Mean AUC and C_max were increased by 49% and 45% respectively and t_max prolonged when fluvastatin (Lescol XL) was taken with food, compared to fasting state. However, no clinically obvious differences in the lipidlowering effects and safety are anticipated when Lescol XL is taken with or without food.

Drug interactions

Effects of other drugs on fluvastatin:

Ciclosporin - In an interaction study concomitant administration of fluvastatin (up to 40 mg/day) and ciclosporin resulted in an increase in the bioavailability of fluvastatin by a factor of 1.9. The results from another study wherein Lescol XL (80 mg fluvastatin) was administered to renal transplant patients who were on stable ciclosporin regimen showed that fluvastatin exposure (AUC) and maximum concentration (Cmax) were increased by 2 fold compared to historical data in healthy subjects. The combination of fluvastatin and ciclosporin should be used with caution due to the potential for an increased risk of myopathy and/or rhabdomyolysis (see section 4.4 Special warnings and special precautions for use).

Fibric acid derivatives (fibrates) and nicotinic acid:

Bezafibrate - An interaction study between 20 mg o.d. fluvastatin and 200 mg t.d.s. bezafibrate showed that mean AUC and C_max values of fluvastatin were increased on average by about 50-60%. No effect was seen on bezafibrate pharmacokinetics. This combination should be used with caution, however, due to the increased risk of developing myopathy and/or rhabdomyolysis when HMG-CoA reductase inhibitors including fluvastatin have been combined with fibrates. Any patient complaining of myalgia should be carefully evaluated.

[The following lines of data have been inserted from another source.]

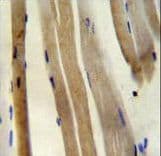Polyclonal Rabbit anti-Human CS / Citrate Synthase Antibody (aa27-55, IHC, WB)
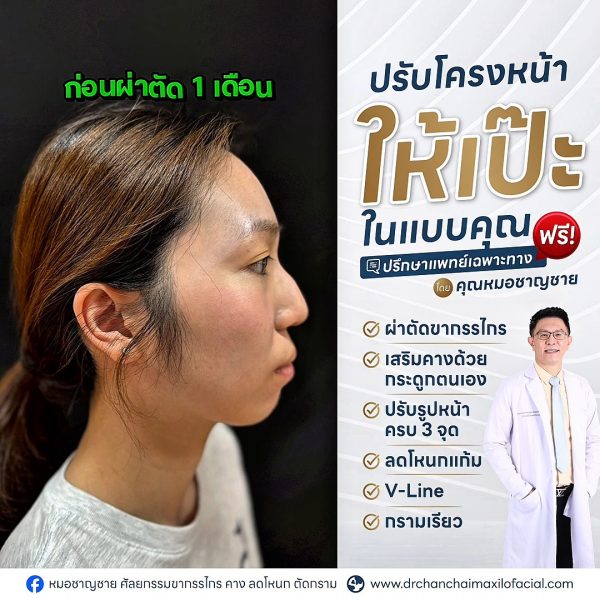 โครงหน้า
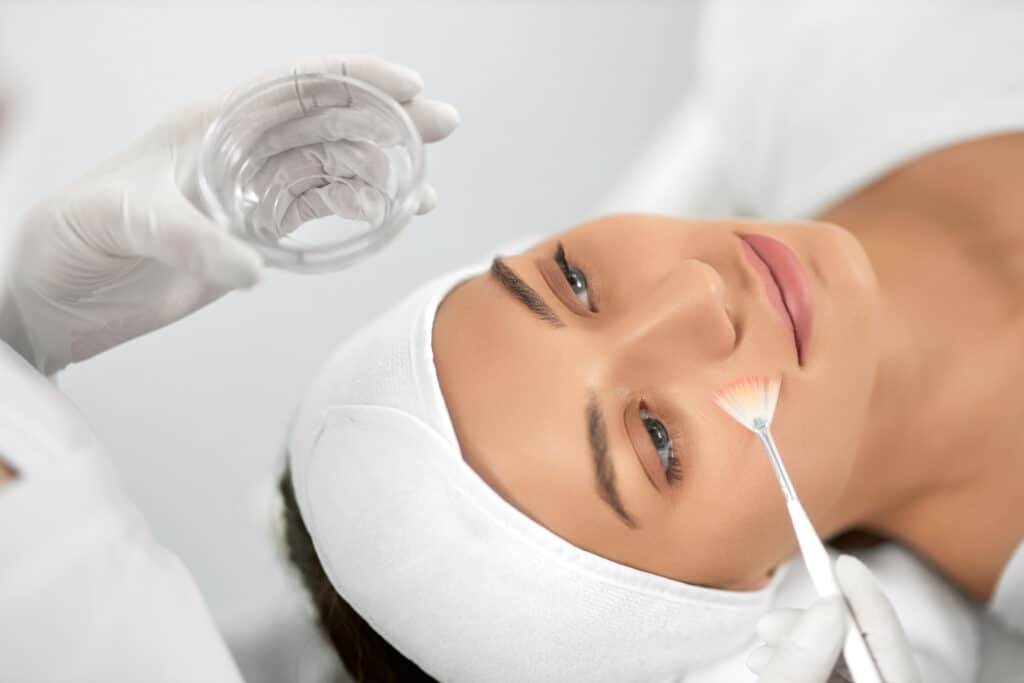 o que é peeling de fenol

Gemfibrozil - In an interaction study the concomitant administration of fluvastatin and gemfibrozil had no effect on the pharmacokinetics of either drug. The combination should be used with caution however, due to reports of an increased risk of myopathy and/or rhabdomyolysis when other HMG-CoA reductase inhibitors have been combined with fibrates.

Ciprofibrate - Concomitant administration of fluvastatin and ciprofibrate has no effect on the bioavailability of fluvastatin. However, the combination should be used with caution due to reports of an increased risk of myopathy and/or rhabdomyolysis when ciprofibrate is used in combination with other HMG-CoA reductase inhibitors.

Nicotinic acid - Concomitant administration of fluvastatin and nicotinic acid has no effect on the bioavailability of fluvastatin. However, the combination should be used with caution due to reports of an increased risk of myopathy and/or rhabdomyolysis when nicotinic acid is used in combination with other HMG-CoA reductase inhibitors.

Erythromycin - There are reports of an increased risk of myopathy and/or rhabdomyolysis when other HMG-CoA reductase inhibitors have been combined with erythromycin. The results from an interaction study with a small number of healthy volunteers suggested that erythromycin and fluvastatin were not metabolised by the same isoenzyme, however caution should be exercised when these two drugs are given in combination in view of the interaction seen with other HMG-CoA reductase inhibitors.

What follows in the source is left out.